(Data extracts begins)

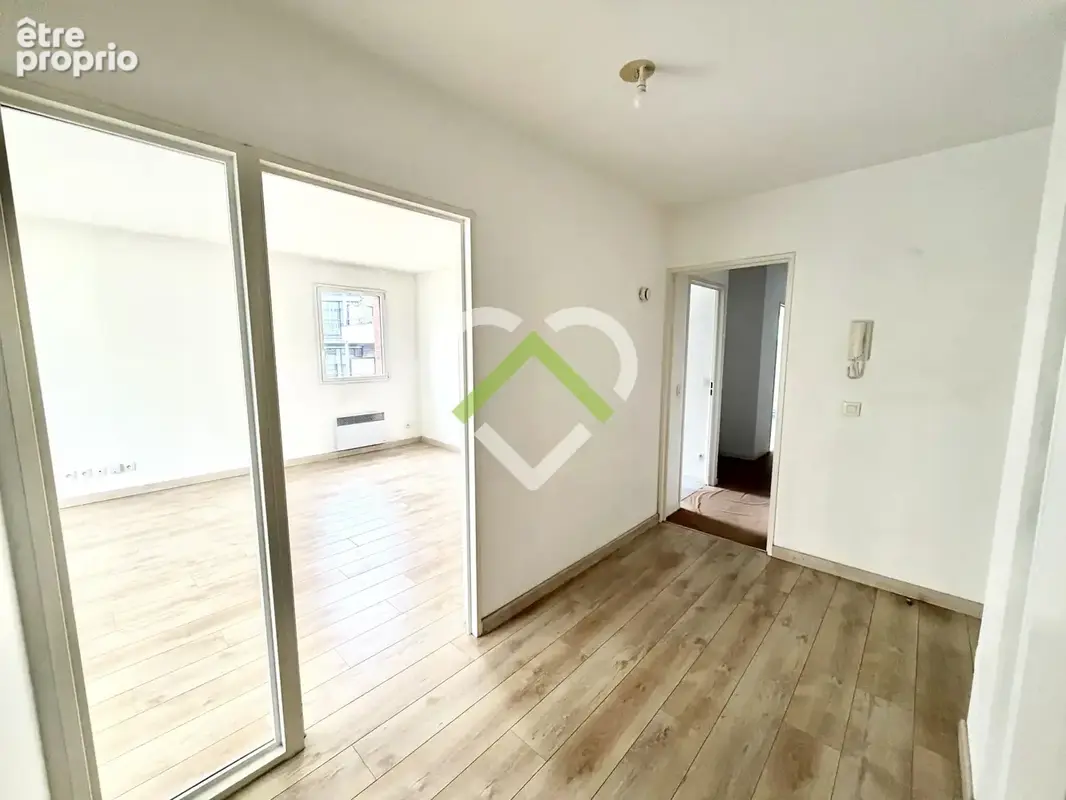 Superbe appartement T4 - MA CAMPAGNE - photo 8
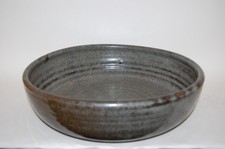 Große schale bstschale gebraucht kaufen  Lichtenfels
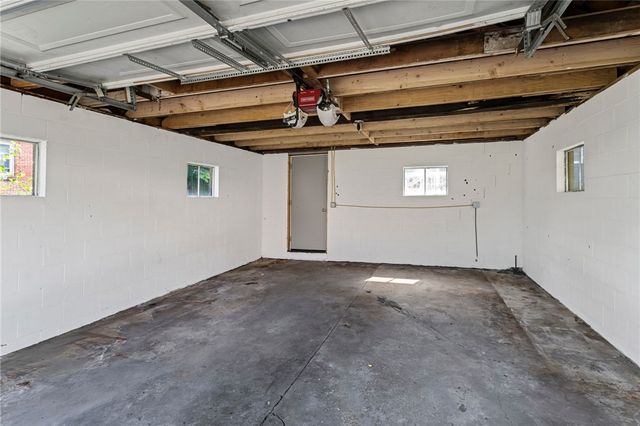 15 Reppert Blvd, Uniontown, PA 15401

(Data extracts ends)
(Data extracts begins)

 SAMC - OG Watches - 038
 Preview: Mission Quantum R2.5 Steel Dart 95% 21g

(Data extracts ends)

* _What you have to do_:
Going back to the entries above, set down exactly the lines that begin at the one with "SAMC - OG Watches - 038" and end at the one with "Preview: Mission Quantum", both included, and nothing else.

* _Task answer_:
 SAMC - OG Watches - 038
 Preview: Mission Quantum R2.5 Steel Dart 95% 21g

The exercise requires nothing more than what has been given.